Yeah I do. I’m up early. I’m a morning person as far as writing goes. So I’m up early dealing with correspondence. MySpace, Facebook, Twitter, e-mails, etc. It’s a minimum two hours a day. It’s over 200 messages a day. So I do that early like 5:30 to 6:30ish.
I need the house quiet. I actually don’t listen to music. I need quiet and as soon as they are settled I write for the day. Usually like nine to one is my best time for writing. Afternoon are errands or whatever and evenings I try to devote to family.

What would you say is the single best advice you’ve ever gotten as far as writing or getting something published?

You have to keep faith in yourself. Rejection is part of this game — it just is.

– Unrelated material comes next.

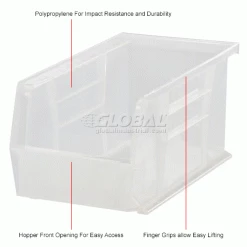 Top 10 👏 Global Industrial™ Plastic Stack & Hang Bin, 4-1/8"W x 10-7/8"D x 4"H, Clear - Pkg Qty 12 🌟 -Containers shop 257901CLIN 1wco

So if you have a project you truly believe in and you are willing to listen to good critique, that book can and will get published. You can’t give up on it. On the other hand if you are getting the same critique, which is, this book sucks, then maybe you might want to try another book. But you have to really keep faith. But my best advice is to enjoy the journey. You build yourself as an author. There’s a success story in the news a lot, the vampire woman. Her story is, “I had a dream and I woke up and I wrote this book in six weeks and sold it to the first person for six figures.”I’m sorry, not going to happen for very many people. And you don’t always know who you are as a writer until you find different things. I thought I was gonna do picture books and then I thought maybe earlier chapter books but then I ended up writing YA (young adult) because this is where I belong. So you have to enjoy that journey and that learning process because it’s part of it. If you come to this just for money you’re probably going to walk away disappointed. Eventually you can make some money.

You need to develop your own voice. Don’t write like anybody else. Don’t write vampire books because vampire books are big or don’t write verse because verse is big. Everybody’s place in this area is different. Keep trying and keep working at it. As for readers, keep reading. Its interesting that a lot of kids don’t like books, or they don’t think they do, until they find the right book. So if you don’t like books keep looking for the books you will like. Eventually you will find something you will  like. That’s huge too, words are knowledge and knowledge is power. Reading is important on every level.

Are all your upcoming books in verse? Do you have any plans to write prose?

Yes, right now that’s what my readers are looking for so I’ll probably stay with verse for now. Sure I’ll probably try a prose novel again some day. I actually wrote like a 100,000 word prose novel one time. Never actually could publish that book. But maybe if I pulled it out now look at it again who knows. Never say never. For now I’m very comfortable. I really like making every word count. That’s why I think verse is good. Even if I go back to prose I imagine it’s going to be pretty spare prose. Because I learned the value of that.

Where did you get the originally get the idea of shaping the verses?

There are other verse novelists. I started as a prose novel and I saw this other person speak. I’ve written poetry forever, I was like you know I could try that put that together that might work for this book. And then I’m like, “Whoa, I want mine to be different from hers,” actually I wanted it to be better — but we’ll say different. And so the poetry where I pull the words to the side and write the little poem down the side that’s part of the bigger poem is something I wanted to experiment with in my adult poetry, my regular poetry. People in my poetry group were like “Why do you want to do that? That’s a lot of work.”And yeah, that was something I wanted to play with anyway. I realized this is good. It ended up being kind of a signature thing that my readers will recognize my poetry for. I shaped stuff because this is a generation I’m writing for, where the visual is more appealing often than the more cerebral. To give them something visual that draws their eye to the page has worked out really well. Its fun. Its hard and time consuming, but its also fun. With some books I can’t, like books that are in different voices, it’s harder to do the concrete stuff because I’m trying to give each character a signature poetic style, like in “Impulse” and “Tricks,” which is coming out now.